[Activity]: Make an exact copy, from the records below, of the lines from the line containing "JX697 ヴィットリア vittoria" to the line containing "漫画《与死亡同行：从鱼人地下城开始》146 青足龙蛇第36张图", both lines included, excluding pictures.

[Dataset excerpts]:
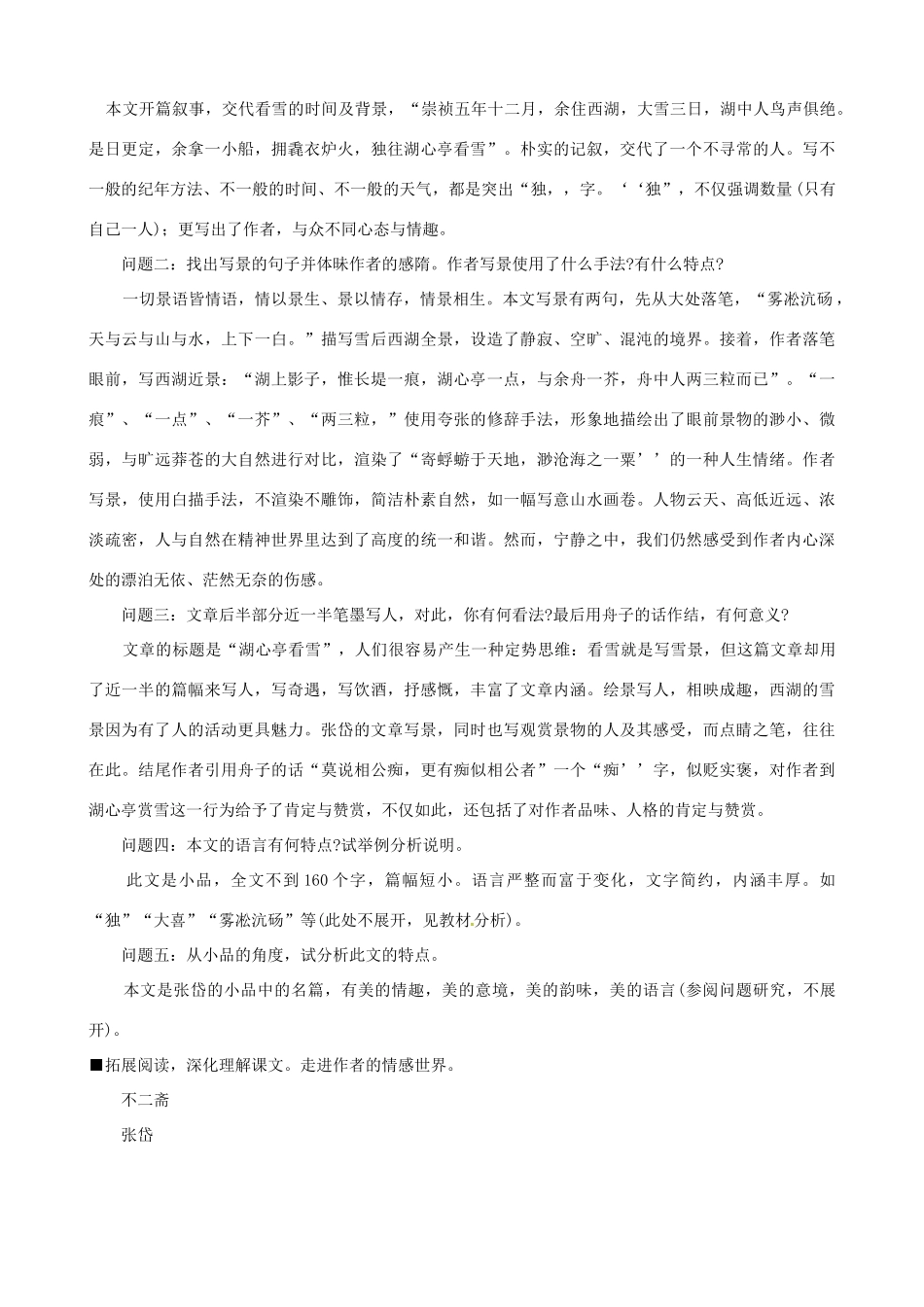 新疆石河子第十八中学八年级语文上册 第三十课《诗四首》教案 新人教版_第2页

--

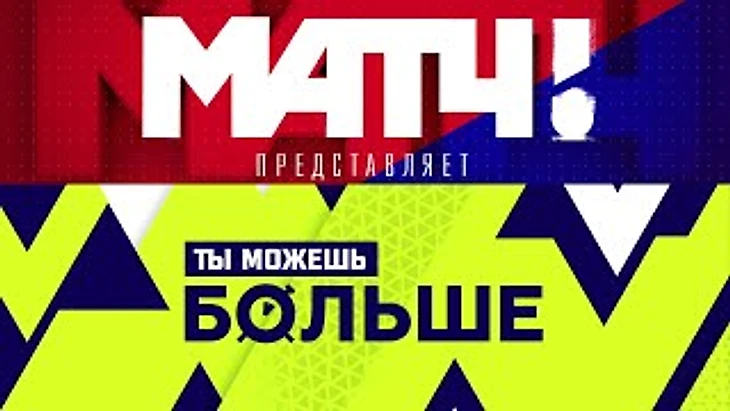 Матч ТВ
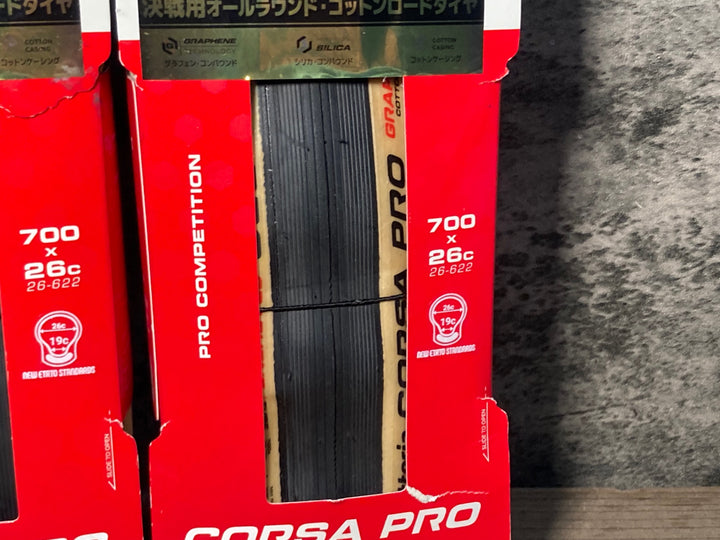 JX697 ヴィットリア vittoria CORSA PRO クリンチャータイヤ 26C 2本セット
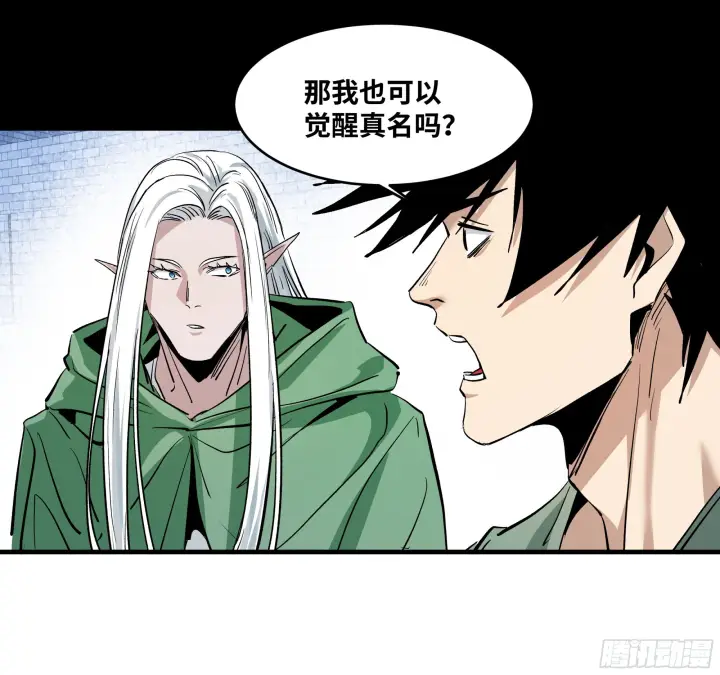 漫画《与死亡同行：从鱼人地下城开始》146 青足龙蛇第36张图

[Your response]:
 JX697 ヴィットリア vittoria CORSA PRO クリンチャータイヤ 26C 2本セット
 漫画《与死亡同行：从鱼人地下城开始》146 青足龙蛇第36张图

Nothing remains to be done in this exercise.